#### Brief:
From the first line to the last, copy the material word for word; pictures stay out.

#### Dataset content:
+---+
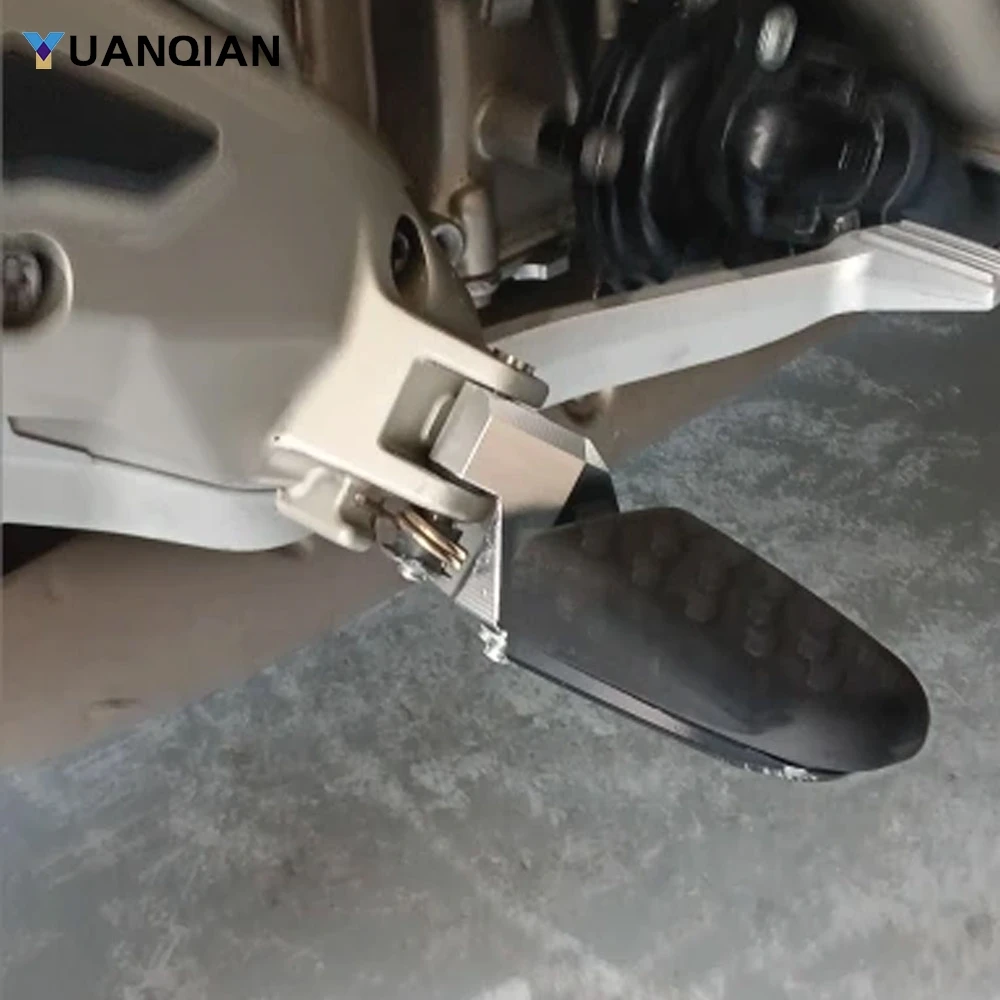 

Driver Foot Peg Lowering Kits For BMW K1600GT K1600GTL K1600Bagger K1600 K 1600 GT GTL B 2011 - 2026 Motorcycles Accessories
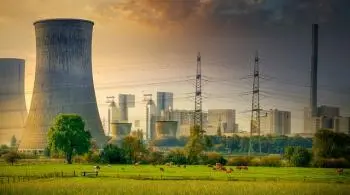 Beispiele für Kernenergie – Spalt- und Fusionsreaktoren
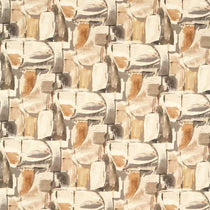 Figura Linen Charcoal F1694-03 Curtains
+---+
#### Answer section:
Driver Foot Peg Lowering Kits For BMW K1600GT K1600GTL K1600Bagger K1600 K 1600 GT GTL B 2011 - 2026 Motorcycles Accessories
 Beispiele für Kernenergie – Spalt- und Fusionsreaktoren
 Figura Linen Charcoal F1694-03 Curtains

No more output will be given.